Republican Senators Lamar Alexander, Orrin Hatch, and John Barrasso claim in a Washington Post op-ed today that they have a plan if the Supreme Court decides that health reform subsidies are no longer available to people buying coverage through federal marketplaces. Their “plan,” however, is extremely vague — perhaps intentionally so, because the details would likely show that it would make coverage less affordable for marketplace enrollees, particularly those who are older or in poorer health, and threaten the stability of the overall individual health insurance market.
The senators write that the plan would “provide financial assistance to help Americans keep the coverage they picked for a transitional period,” but they don’t furnish the most basic information about this assistance. Would people receive the same amount of help they do now, both for premiums and for deductibles and cost-sharing? How long would this transitional assistance be available? What, if any, financial assistance would be available when it expires — and if it were available, who would be eligible and for how much? The senators don’t say.
The senators also write that their plan would give states “the freedom and flexibility to create better, more competitive health insurance markets offering more options and different choices,” whether or not they have a federal marketplace. They don’t explain what this means either, but most likely it means permitting states to significantly weaken or drop health reform’s consumer protections and market reforms, as well as eliminate the individual mandate that people have coverage or pay a penalty.
Health reform established these protections for a good reason. Before health reform, insurers in the individual market could charge people with pre-existing health conditions exorbitant premiums or deny them coverage outright. They also could charge older people much higher premiums than younger people, pricing many out of coverage. And many individual-market plans had large gaps in coverage, such as no prescription drug coverage, or charged deductibles and other cost-sharing that people could not afford.

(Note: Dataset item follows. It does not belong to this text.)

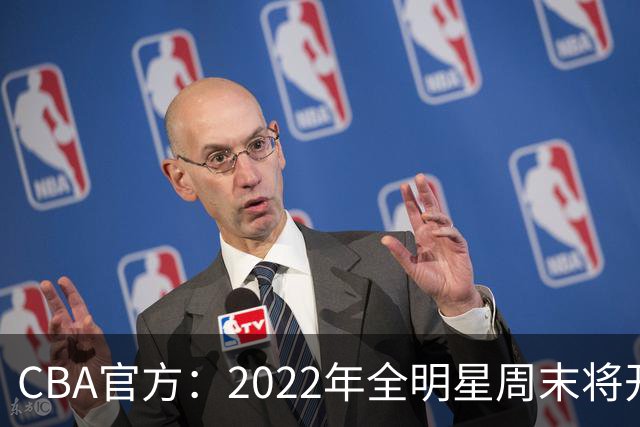 CBA官方：2022年全明星周末将开放观众入场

Health reform ended or limited those practices — requiring insurers to take all comers, barring them from charging sicker people more, limiting how much they can charge older people, requiring certain benefits to be covered, and establishing an annual limit on out-of-pocket costs. But to ensure that older and sicker people don’t disproportionately enroll, which would cause premiums to skyrocket, health reform also includes an individual mandate. That creates a balanced mix of people enrolled in health coverage — young and old, healthy and sick — which helps keep premiums more stable and affordable.

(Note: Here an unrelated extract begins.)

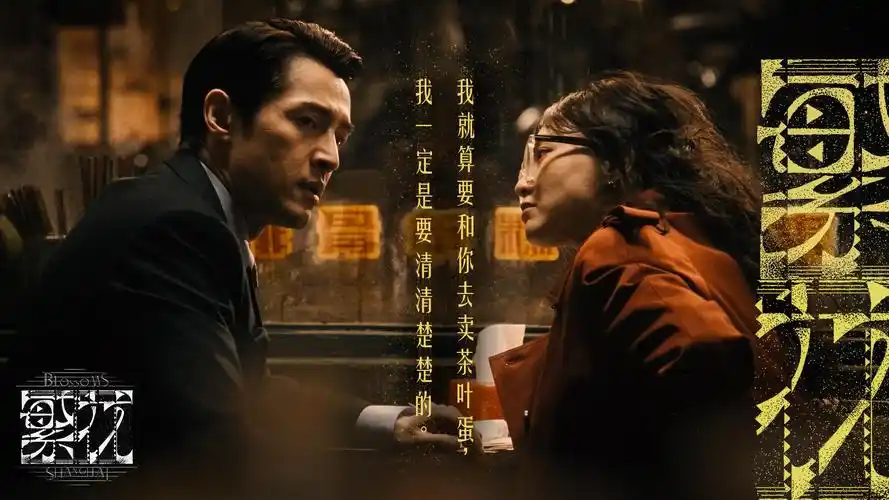 红桃视频皇家banner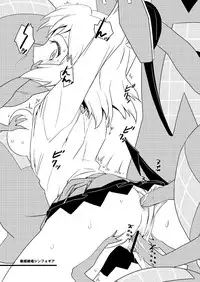 (SC54) [Aienkien (Aito Matoko)] Free Paper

Permitting states to roll back these protections and eliminate the individual mandate would almost certainly make health coverage much less affordable for marketplace enrollees, particularly for people aged 50-64 and those with pre-existing health conditions. Even if some subsidies were available after the transition period, they would likely prove highly inadequate over time as plan premiums rose. That, in turn, would drive many people out of marketplace coverage and back to the ranks of the uninsured and underinsured.